Article By Paul Dwyer

The Bank of Mum and Dad has become a major source of funding for younger home-owners, either wanting to get into home ownership, or having financial assistance in meeting increased home loan repayments.

When Mum and Dad reach retirement age, often their home becomes their greatest asset and Reverse Mortgage borrowing may be the only means to provide assistance.

Whilst assisting children with a form of early inheritance is a noble act, care should be taken to ensure the following considerations.

When there are other siblings who will be future beneficiaries, a legal agreement or a revised Will should be prepared. This would indicate the gifting provided and any conditions, so that no beneficiary can be seen as been unfairly considered. A discussion with those other beneficiaries should be conducted as to the gifting decision.

It is important to consider potential needs that the elderly parents may incur in later years and that the amount of gifting shall not prevent them from being able to fund those needs.

Finally, consideration should be given to Centrelink implications for full or part pensioners. Gifting is regarded by Centrelink as a deprived asset and included in both income and asset calculations for a period of 5 years.

From 1st July 2023, a single person can have $301,750 in assessable assets, whilst a couple can have $451,500, before any reduction in pension payments.

From an assessable income perspective, the first $60,400 is assessed as receiving .25% return ($100,200 for a couple). Thereafter, income is deemed at 2.25%. These rates are frozen until 30th June 2024.

Government is yet to decide what to do with deeming next year.
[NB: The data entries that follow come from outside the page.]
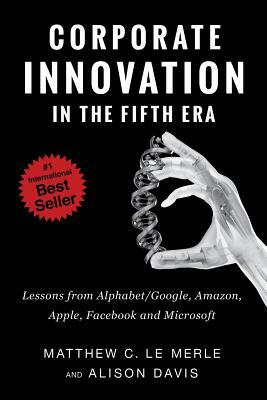 Corporate Innovation in the Fifth Era: Lessons from Alphabet/Google, Amazon, Apple, Facebook, and Microsoft by Matthew C. Le Merle, Alison Davis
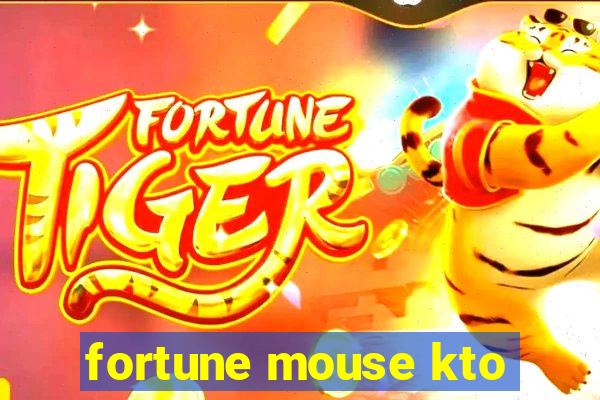 fortune mouse kto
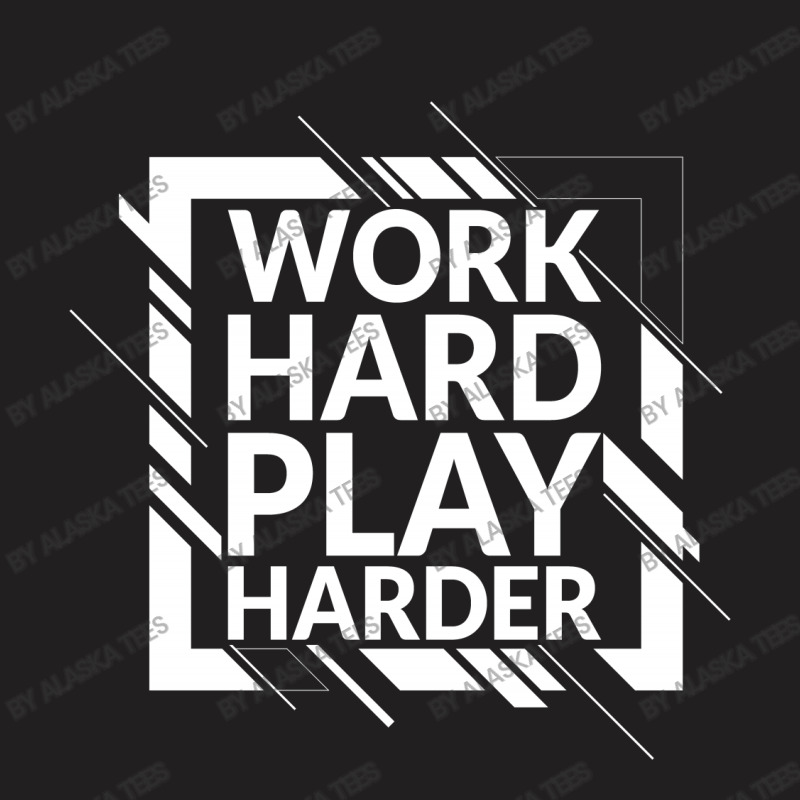 Work Hard Play Harder T-shirt | Artistshot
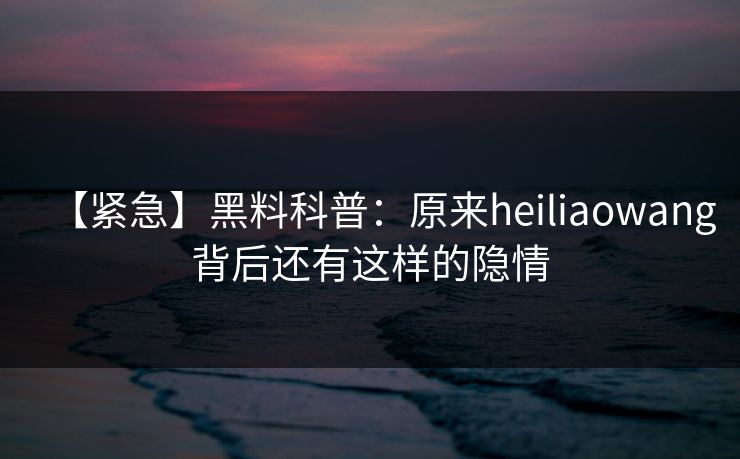 【紧急】黑料科普:原来heiliaowang背后还有这样的隐情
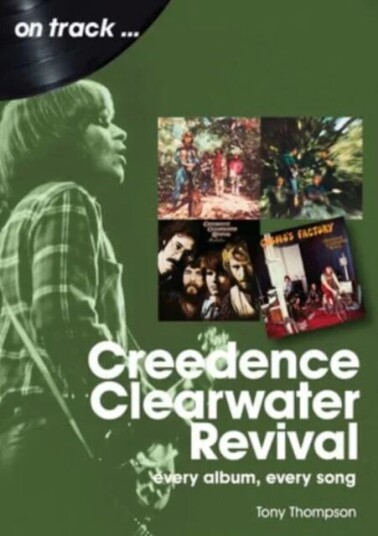 Creedence Clearwater Revival On Track Av Tony Thompson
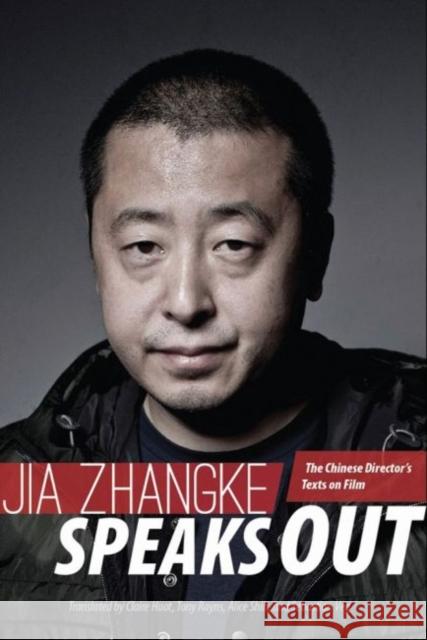 Jia Zhangke Speaks Out: The Chinese Director's Texts on Film Jia Zhangke Claire Huot Tony Rayns 9781626430280 Bridge21 Publications - książka
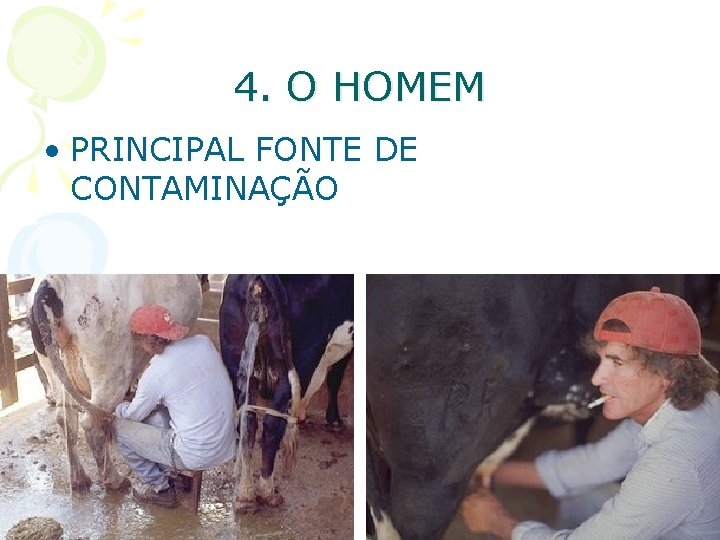 4. O HOMEM • PRINCIPAL FONTE DE CONTAMINAÇÃO 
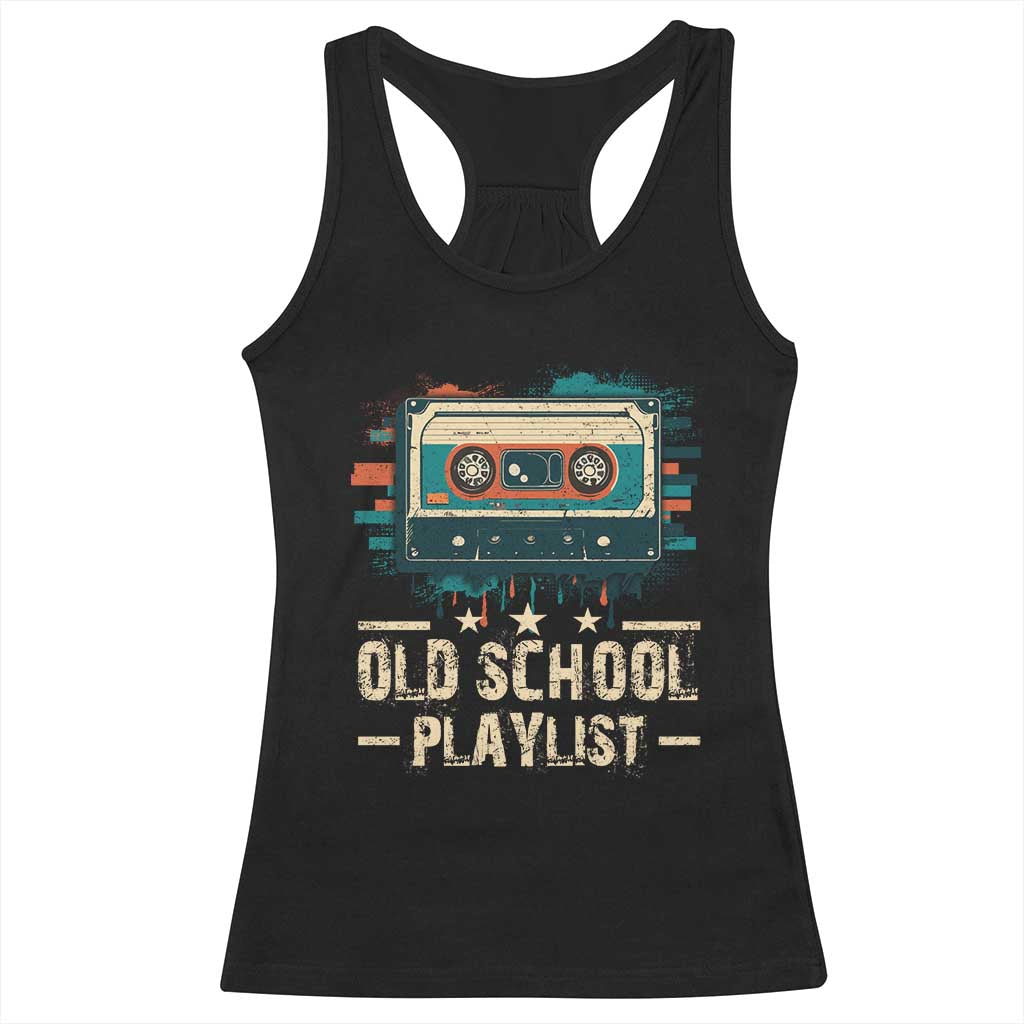 Old School Playlist Racerback Tank Top Retro Cassette Hip Hop Lover TS09 Black Print Your Wear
The last time the RBA cash rate was around 4.1% (4.25% April 2012), the deeming rates were 3.0% for the lower threshold and 4.5% for the upper threshold.

For any pension recipients thinking of gifting to assist family members, consideration should be given to the potential increases and pension ramifications.

When considering a Reverse Mortgage with a gifting purpose, also consult with a Reverse Mortgage broker with Centrelink knowledge.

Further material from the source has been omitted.